Apart from the state pension, workers in the private sector will enjoy no guarantees about a minimum income in old age. The guarantee of some proportion of final salary at retirement will have disappeared other than for a small minority. Instead, the vast majority of workers - who are now placed in "money purchase" or "defined contribution" pension schemes - will depend on the performance of asset prices: shares, bonds, property and the like. Employers still usually chip in to these pension schemes, and the more responsible ones are raising their contribution levels in an attempt to offset rising longevity and falling investment returns. But, crucially, employers give no guarantees. The employee is entirely at the mercy of financial markets.
Who sticks up for the pension-fund members in these circumstances? The trustees, of course, who have a fiduciary duty to act in members' interests. But one wonders whether they have the expertise, the time and the hunger to pursue every last penny on behalf of members. As we reported in the Times in July, British pension funds and other institutional investors are already missing out on £4.5bn by failing to collect compensation won on their behalf in class action lawsuits in the US. We may be sniffy about America's litigiousness, but it's surely madness not to claim our share of the spoils?
Executives can be negligent. They can also be fraudulent, as we know from the case of Dennis Kozlowski, who has just gone to Rikers Island to begin a jail sentence of up to 25 years. The former chief executive of Tyco, the components maker, and his finance director lent themselves $170m (£95m) of company money and then simply wrote off the debt. Kozlowski also famously used $31m of company money to furnish his Manhattan flat, complete with $6,000 shower curtain, $15,000 umbrella stand and - I particularly like this touch - $2,900 worth of coat-hangers.
An awful lot of British pension funds were invested in Tyco, so it's probably fair to say that millions of British workers in a small way helped subsidise those deluxe coat-hangers. But how many of their pension funds have the appetite to pursue Tyco for compensation? Too often in such cases, the attitude on this side of the Atlantic is to shrug, sell the shares and move on.

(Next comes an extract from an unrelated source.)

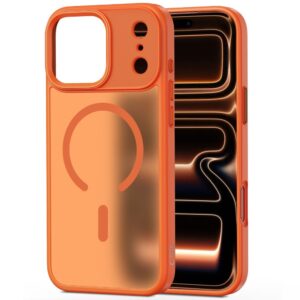 Tech-Protect MagMat MagSafe dėklas skirtas Apple iPhone 17 Pro - oranžinės spalvos - Image 2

Alan Owens, a partner in the law firm Irwin Mitchell, has identified at least seven cases in the UK in the past three years where there have been corporate governance failings of sufficient magnitude to justify legal action, yet no writs were served. It's telling that all the legal action against Royal Dutch/Shell for misleading shareholders over its oil and gas reserves is taking place on the other side of the Atlantic. It may be only a matter of time before a pension-fund member sues the trustees for dereliction of duty. As employers no longer provide guarantees to the pension funds they sponsor, they have much less interest in making sure every penny is well invested. It is going to be up to employees - and their trade unions - to step up to the plate.
For the past five years it has been received wisdom that ministers raise fuel duty at their peril. Ever since Gordon Brown scrapped the "escalator" - the formula by which he yanked up the tax on petrol and diesel by more than inflation - there has been the view that somehow Middle England just won't tolerate higher duty. The soaring crude-oil price has produced more converts to this view. But the feebleness of the latest hauliers' protest perhaps suggests that public opinion is starting to change.
Is there really such a groundswell of outrage about the price of fuel? Sure, people can be persuaded to froth about it. After all, they have seen prices going up month after month in foot-high letters on the forecourt. But petrol duty can be seen as a blessing. Does anyone really want the extra congestion, pollution, noise and road accidents that, say, US levels of tax would bring about? Even now, the component of tax in fuel is less than in other sin products such as cigarettes and spirits.
The money raised in fuel duty pays the entire education budget, or one-third of the cost of the National Health Service. If the £24bn a year wasn't raised this way, other taxes would have to go up. An extra 8p on basic-rate income tax would do it, for example. When the case is put that way, cutting or even just freezing fuel duty doesn't sound quite so wonderful. It's cheap to collect, difficult to evade and tends to fall on the better-off - who drive longer distances in thirstier cars. It's a near-perfect tax. It just needs much better PR.